Detroit's population was likely undercounted by 8.1% in certain neighborhoods during the 2020 Census, new research from the University of Michigan and Wayne State University showed, a problem that has ramifications for how much funding the city can get in certain federal programs.

If that pattern holds true across the city, researchers say, the population could have been undercounted by "tens of thousands" of people.

Mayor Mike Duggan estimated Thursday that the population was closer to 700,000 people, but the Census Bureau put Detroit's 2020 population at 639,111 when it released numbers earlier this year. Detroit had the lowest self-response rate to the Census among all cities with at least 500,000 residents.

Researchers said Duggan reached out to them and asked them to look at the results. Luke Shaefer, professor of public policy at UM and director of the university's Poverty Solutions initiative, noted that 2019 Census estimates put the city at roughly 670,000 people. Such a decline was "anomalous and implausible," according to the report.

Detroit Mayor Mike Duggan argued during a news conference Thursday that the federal government did not follow its own U.S. Census Bureau policy for non-response follow-up in Detroit and is considering a lawsuit over an alleged undercount of the city, on Thursday afternoon, December 16, 2021.

A miscount jeopardizes potentially "a huge amount" of federal dollars needed for programs in the city, Duggan said, including money that would be allocated to programs for health care, school lunches and other critical programs.

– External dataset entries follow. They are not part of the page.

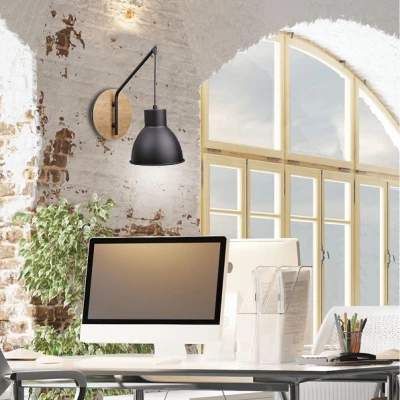 Nástěnné osvětlení ve skandinávském stylu VARIO - 1xE27, 60W, černé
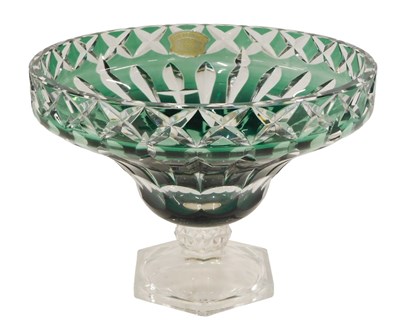 Lot 710 - A Val St Lambert green flash cut glass bowl,...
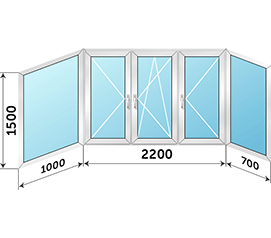 Теплое балконное окно Veka 3900x1500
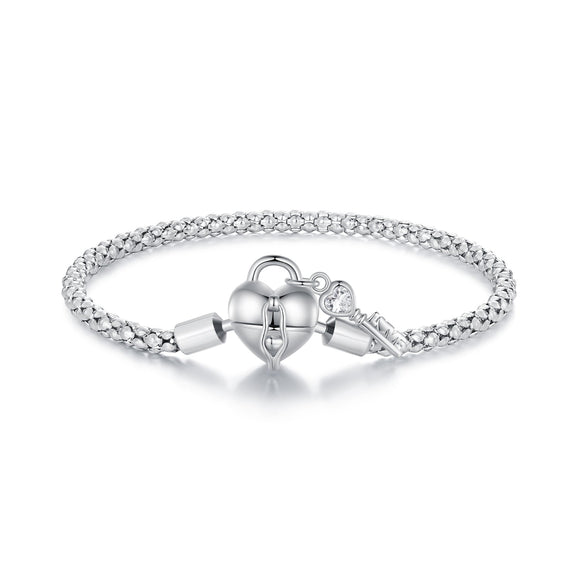 925 Sterling Silver Pavé Setting CZ Bracelet Size 17.0 for Women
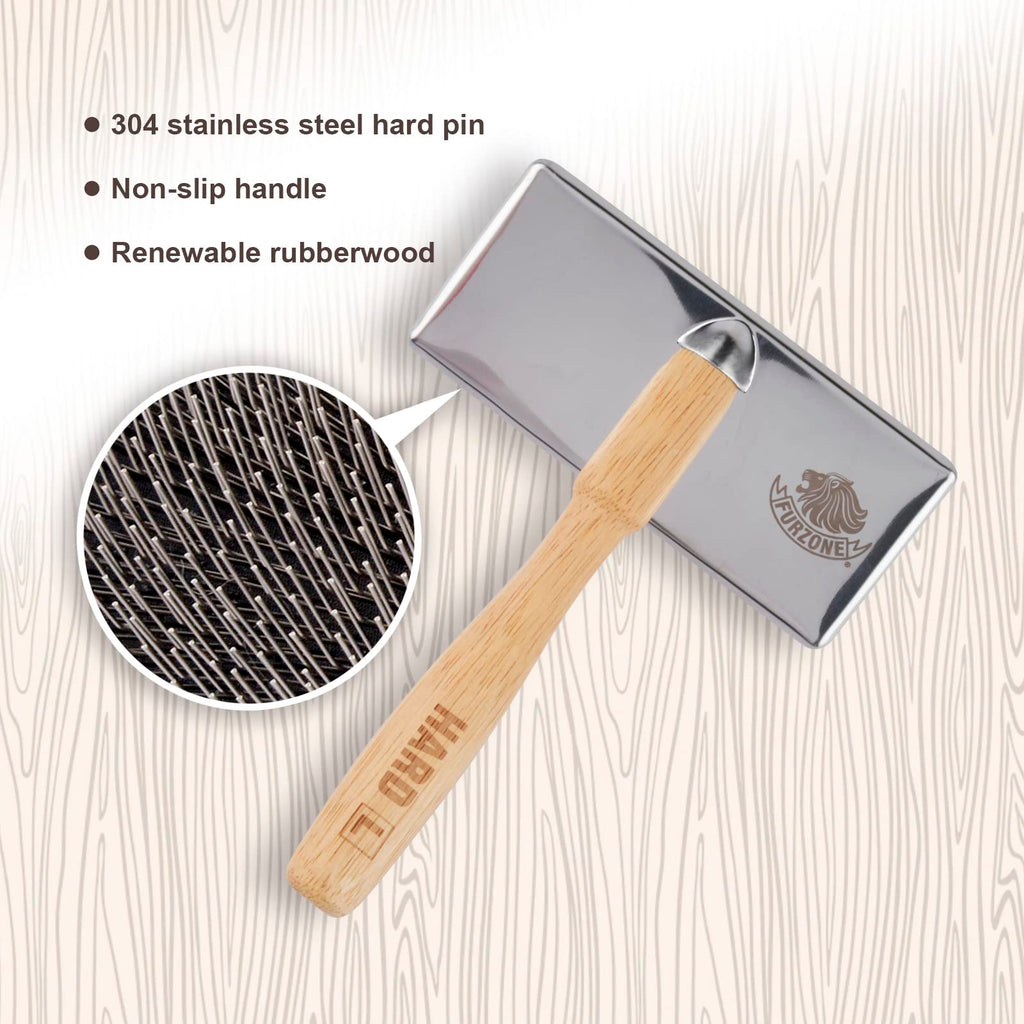 Furzone Wooden Slicker Brush - Stainless Steel Hard Pin Grooming Brush for Dogs (Size L)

Researchers from UM and Wayne State audited 10 Detroit census block groups, which is a measure used by the Census Bureau that usually includes between 600 and 3,000 people. They both used data from an independent canvas they conducted and from the United States Postal Service to see where potential undercounts might have happened.

They found that occupied housing units were likely off by hundreds of people over several neighborhoods. Researcher Jeffrey Morenoff, a professor of sociology at UM and a faculty affiliate of the UM Population Studies Center, said at that magnitude, the undercount makes Detroit an outlier not only regionally but nationally in terms of undercounting.

"The U.S. government has inflicted an inequity of monumental proportions on the people of the city of Detroit," Mayor Mike Duggan said during a news conference on Thursday. He said the bureau defied its own policies of returning to homes as many as six times to try to get an accurate count for a household, often knocking on a door just once.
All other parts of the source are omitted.